TASK INSTRUCTIONS: The lines needed run from the one that contains "Cinnamon (Botanical) — Botanical Plate" through the end of the material below, both included; write them out exactly, with no pictures.

INPUT DATA:
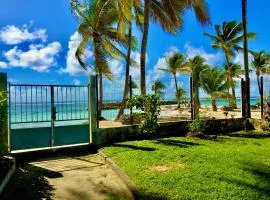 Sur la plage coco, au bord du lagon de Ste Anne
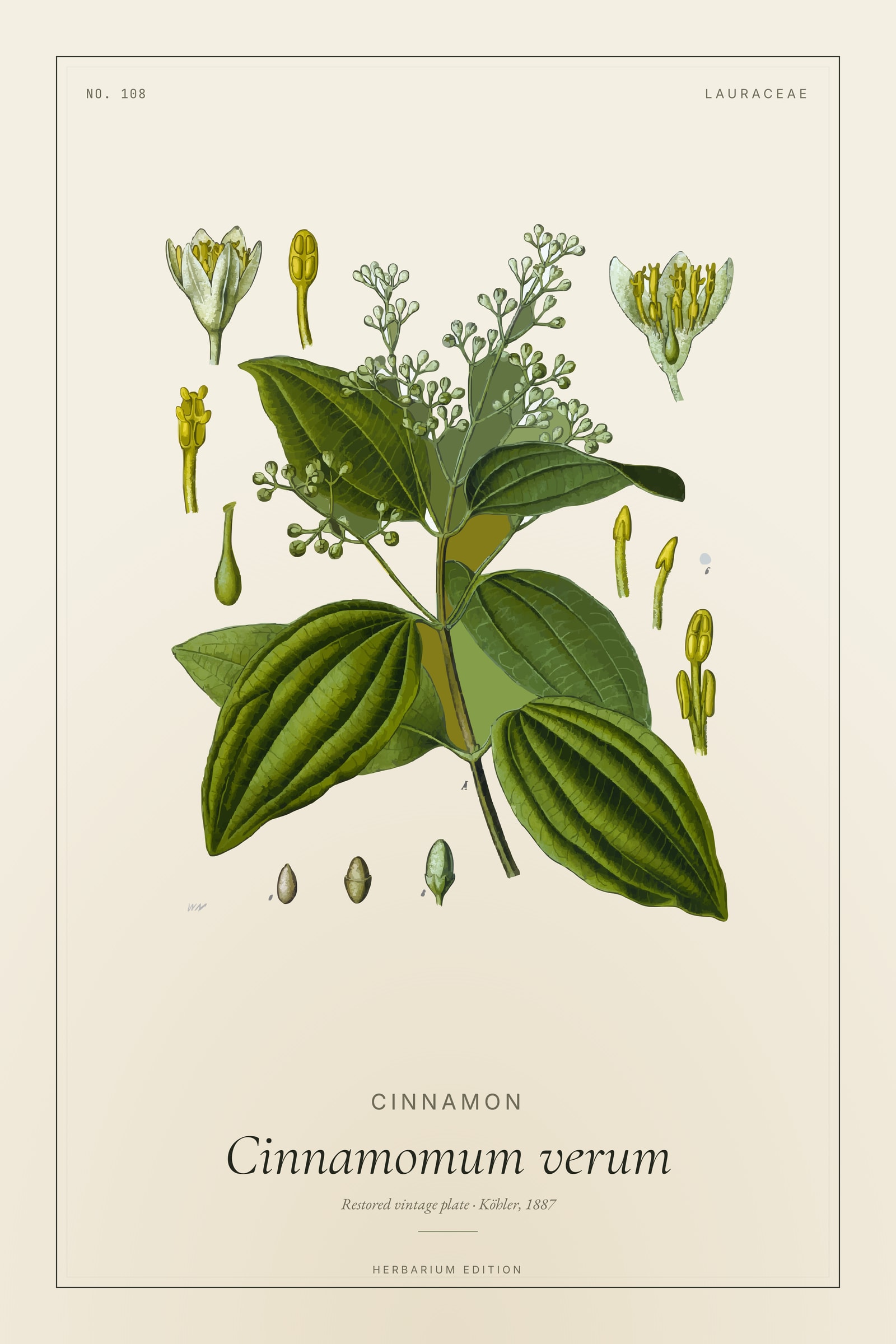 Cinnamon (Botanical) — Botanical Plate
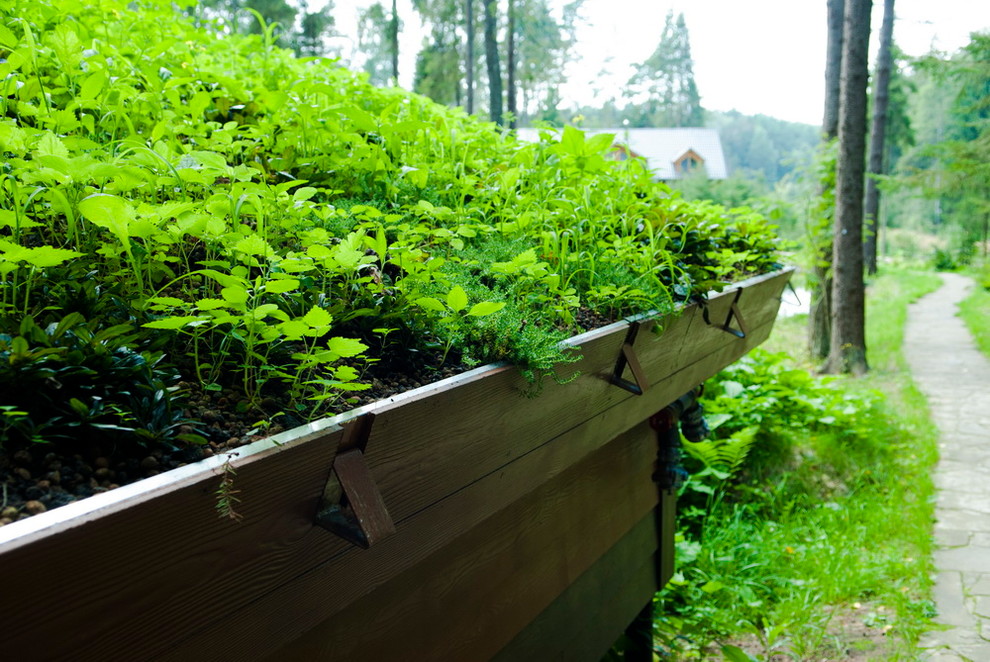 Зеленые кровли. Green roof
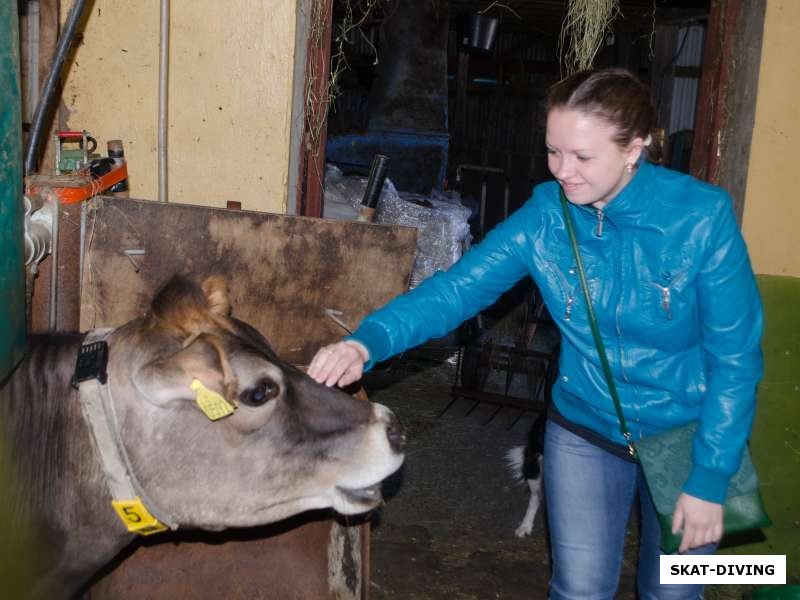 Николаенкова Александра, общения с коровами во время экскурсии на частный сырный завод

EXERCISE OUTPUT:
 Cinnamon (Botanical) — Botanical Plate
 Зеленые кровли. Green roof
 Николаенкова Александра, общения с коровами во время экскурсии на частный сырный завод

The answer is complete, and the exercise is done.